Bardolin tomó un sorbo de brandy.

—¿Has hablado de esto en el Gremio?

—No. La noticia estaría en la calle en media hora. Estoy hablando personalmente con la gente en quien confío.

—¿Y qué hay del resto? ¿Es que sólo los magos tendremos esta posibilidad? ¿Qué ocurrirá con los más humildes de los nuestros, los herbolarios, las comadres… incluso los cambiaformas como la pobre Griella? ¿Podrán escoger?

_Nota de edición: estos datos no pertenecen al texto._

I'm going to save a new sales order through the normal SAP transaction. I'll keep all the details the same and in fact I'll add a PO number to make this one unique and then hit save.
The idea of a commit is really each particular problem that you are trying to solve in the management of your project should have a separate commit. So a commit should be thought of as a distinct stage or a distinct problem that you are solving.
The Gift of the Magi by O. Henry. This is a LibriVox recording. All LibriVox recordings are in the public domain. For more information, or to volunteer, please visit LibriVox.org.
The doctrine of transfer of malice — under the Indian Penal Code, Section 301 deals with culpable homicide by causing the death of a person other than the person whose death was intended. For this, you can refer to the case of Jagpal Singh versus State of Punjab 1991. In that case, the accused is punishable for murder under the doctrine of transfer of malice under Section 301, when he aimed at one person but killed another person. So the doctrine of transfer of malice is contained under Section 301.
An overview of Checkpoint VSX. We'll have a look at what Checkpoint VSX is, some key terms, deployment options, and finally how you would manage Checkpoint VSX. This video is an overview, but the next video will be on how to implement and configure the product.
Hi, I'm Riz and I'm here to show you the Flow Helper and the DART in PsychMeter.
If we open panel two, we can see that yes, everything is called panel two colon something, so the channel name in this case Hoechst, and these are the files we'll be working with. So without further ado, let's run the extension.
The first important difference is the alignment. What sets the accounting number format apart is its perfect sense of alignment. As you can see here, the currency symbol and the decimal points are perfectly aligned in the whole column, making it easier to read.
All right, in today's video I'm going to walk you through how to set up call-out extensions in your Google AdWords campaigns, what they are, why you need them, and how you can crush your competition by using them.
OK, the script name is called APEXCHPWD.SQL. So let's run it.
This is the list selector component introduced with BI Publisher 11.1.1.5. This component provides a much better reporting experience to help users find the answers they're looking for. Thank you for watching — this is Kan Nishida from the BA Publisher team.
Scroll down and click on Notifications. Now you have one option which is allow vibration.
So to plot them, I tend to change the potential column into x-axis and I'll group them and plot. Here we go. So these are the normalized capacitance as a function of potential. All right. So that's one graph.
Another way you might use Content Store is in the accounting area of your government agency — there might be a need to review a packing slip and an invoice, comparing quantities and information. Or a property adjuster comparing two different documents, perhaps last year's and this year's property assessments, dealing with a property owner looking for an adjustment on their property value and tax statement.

—Debo hacer lo que esté en mi mano, Bardo. Yo no me iré. Me quedaré para salvar a todos los que pueda. Abeleyn me ocultará, si llegamos a eso, y hay miembros de la nobleza con hijos e hijas estudiando con el Gremio que, naturalmente, simpatizan con nuestra causa. Es posible que pueda hacer zarpar un barco de vez en cuando para transportarlos a esa utopía bucólica que habréis construido en algún lugar desconocido. Esto terminará en cuanto se den cuenta de la verdadera importancia de la amenaza merduk. —Hizo una pausa—. Cuando caiga el dique de Ormann, la gente no tolerará más tonterías. Los clérigos dejarán de ser escuchados, y los soldados recobrarán el poder. Sólo hemos de capear la tormenta.